* **ACTION ITEM**:
For the records below, please print exactly and only the lines from the one with "새희망홀씨 대환대출 외 다른 정부 지원 대출 상품은 없을까요?" down to the one with "A Layman’s Introduction", both ends included, omitting the pictures.

* **DATA PROVIDED**:
● ● ●
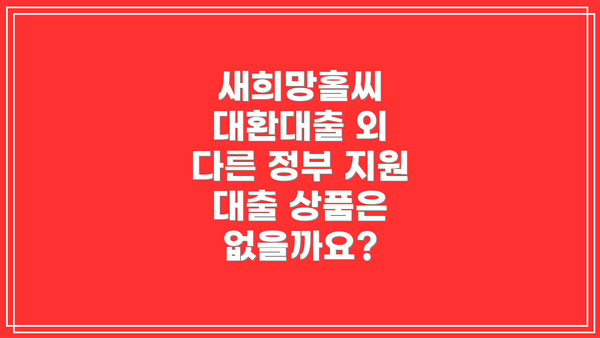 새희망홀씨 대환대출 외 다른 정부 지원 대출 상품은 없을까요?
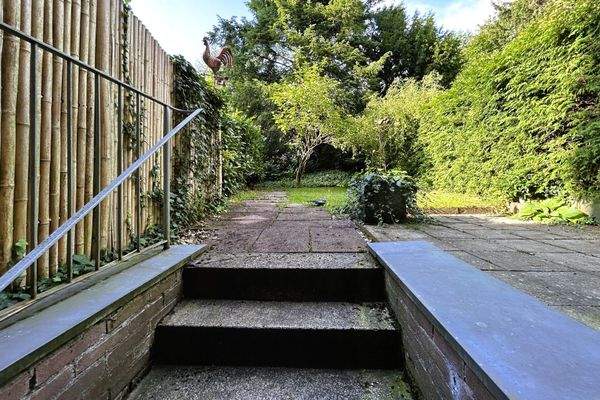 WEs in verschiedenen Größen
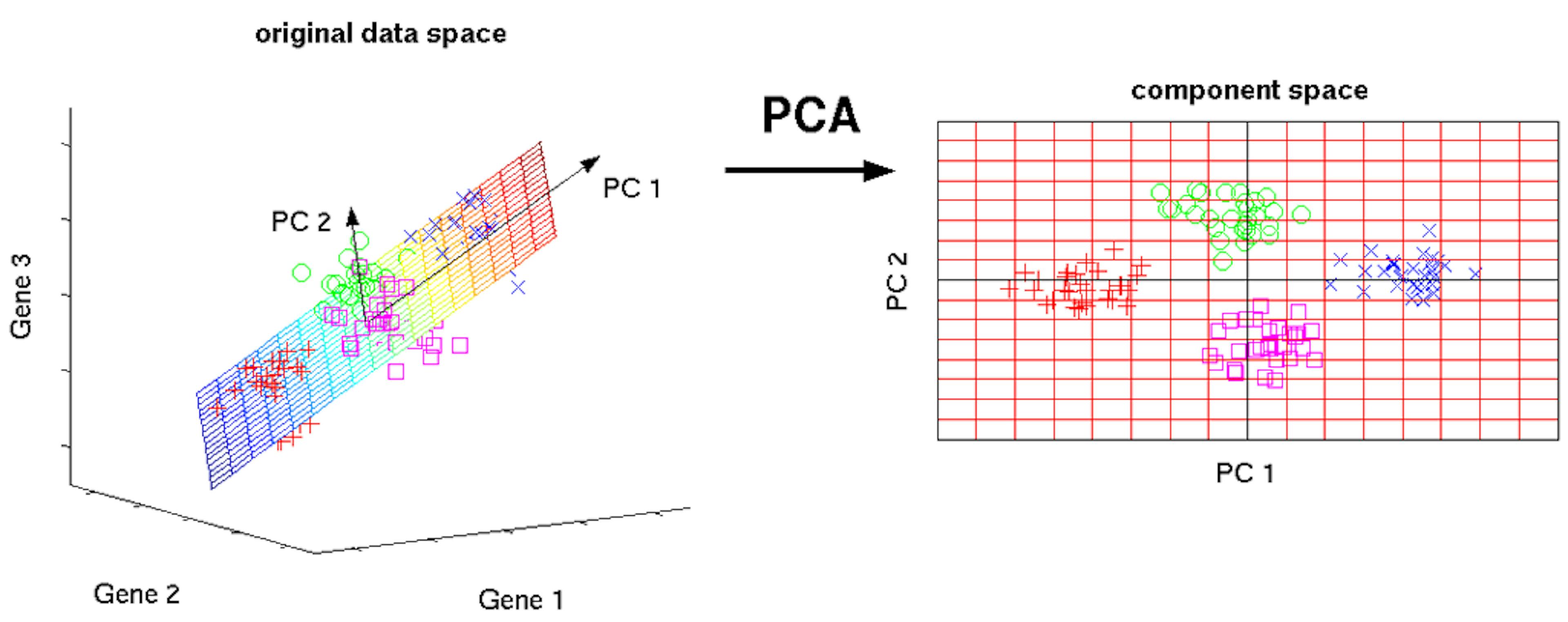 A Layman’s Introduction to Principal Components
● ● ●
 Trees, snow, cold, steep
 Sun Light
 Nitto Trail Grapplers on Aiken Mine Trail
● ● ●
* **OUTPUT OF THE EXERCISE**:
 새희망홀씨 대환대출 외 다른 정부 지원 대출 상품은 없을까요?
 WEs in verschiedenen Größen
 A Layman’s Introduction to Principal Components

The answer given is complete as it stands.